# ICCHA2022

8th International Conference on
Computational Harmonic Analysis

September 12-16, 2022

We study the mapping properties of metaplectic operators $\widehat{S}\in \mathrm{Mp}(2d,\mathbb{R})$ on modulation spaces of the type $\mathrm{M}^{p,q}_m(\mathbb{R}^d)$. Our main result is a full characterisation of the pairs $(\widehat{S},\mathrm{M}^{p,q}{}(\mathbb{R}^d))$ for which the operator $\widehat{S}:\mathrm{M}^{p,q}{}(\mathbb{R}^d) \rightarrow \mathrm{M}^{p,q}{}(\mathbb{R}^d)$ is (i) well-defined, (ii) bounded. It turns out that these two properties are equivalent, and they entail that $\widehat{S}$ is a Banach space automorphism.
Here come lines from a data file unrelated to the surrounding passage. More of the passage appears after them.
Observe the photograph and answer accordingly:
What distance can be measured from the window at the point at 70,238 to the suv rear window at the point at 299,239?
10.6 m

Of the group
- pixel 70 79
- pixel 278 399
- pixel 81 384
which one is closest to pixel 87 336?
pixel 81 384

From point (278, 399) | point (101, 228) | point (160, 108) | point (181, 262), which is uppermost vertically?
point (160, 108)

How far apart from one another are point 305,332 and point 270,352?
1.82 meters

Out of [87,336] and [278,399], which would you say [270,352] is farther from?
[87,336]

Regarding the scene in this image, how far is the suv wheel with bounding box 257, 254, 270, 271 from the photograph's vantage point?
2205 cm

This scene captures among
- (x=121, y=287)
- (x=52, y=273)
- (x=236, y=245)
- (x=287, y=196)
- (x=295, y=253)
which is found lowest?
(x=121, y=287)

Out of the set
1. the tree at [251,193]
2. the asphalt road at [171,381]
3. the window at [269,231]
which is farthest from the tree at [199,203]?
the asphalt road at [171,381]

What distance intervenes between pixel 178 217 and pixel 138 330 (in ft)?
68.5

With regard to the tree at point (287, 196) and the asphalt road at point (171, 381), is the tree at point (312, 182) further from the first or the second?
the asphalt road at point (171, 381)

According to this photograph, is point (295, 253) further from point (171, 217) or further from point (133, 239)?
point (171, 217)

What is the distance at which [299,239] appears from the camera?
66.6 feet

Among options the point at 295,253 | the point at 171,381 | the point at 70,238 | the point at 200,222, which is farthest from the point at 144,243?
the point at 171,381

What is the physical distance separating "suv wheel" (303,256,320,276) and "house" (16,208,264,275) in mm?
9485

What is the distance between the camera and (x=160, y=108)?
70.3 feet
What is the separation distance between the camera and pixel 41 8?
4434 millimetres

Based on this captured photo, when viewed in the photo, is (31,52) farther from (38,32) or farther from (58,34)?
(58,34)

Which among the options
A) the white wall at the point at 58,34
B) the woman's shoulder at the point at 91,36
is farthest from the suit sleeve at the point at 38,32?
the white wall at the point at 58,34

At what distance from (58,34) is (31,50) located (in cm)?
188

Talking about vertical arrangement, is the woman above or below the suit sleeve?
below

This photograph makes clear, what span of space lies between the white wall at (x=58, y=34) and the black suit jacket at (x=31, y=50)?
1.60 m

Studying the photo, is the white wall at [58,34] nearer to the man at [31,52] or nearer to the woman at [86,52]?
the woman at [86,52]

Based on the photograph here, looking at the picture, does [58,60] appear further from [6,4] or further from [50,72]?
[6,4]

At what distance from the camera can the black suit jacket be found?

Under mild conditions on the weight function, we provide a simple test to determine whether the well-definedness (boundedness) of $\widehat{S}:\mathrm{M}^{p,q}{}(\mathbb{R}^d)\rightarrow \mathrm{M}^{p,q}(\mathbb{R}^d)$ transfers to $\widehat{S}:\mathrm{M}^{p,q}_m(\mathbb{R}^d)\rightarrow \mathrm{M}^{p,q}_m(\mathbb{R}^d)$.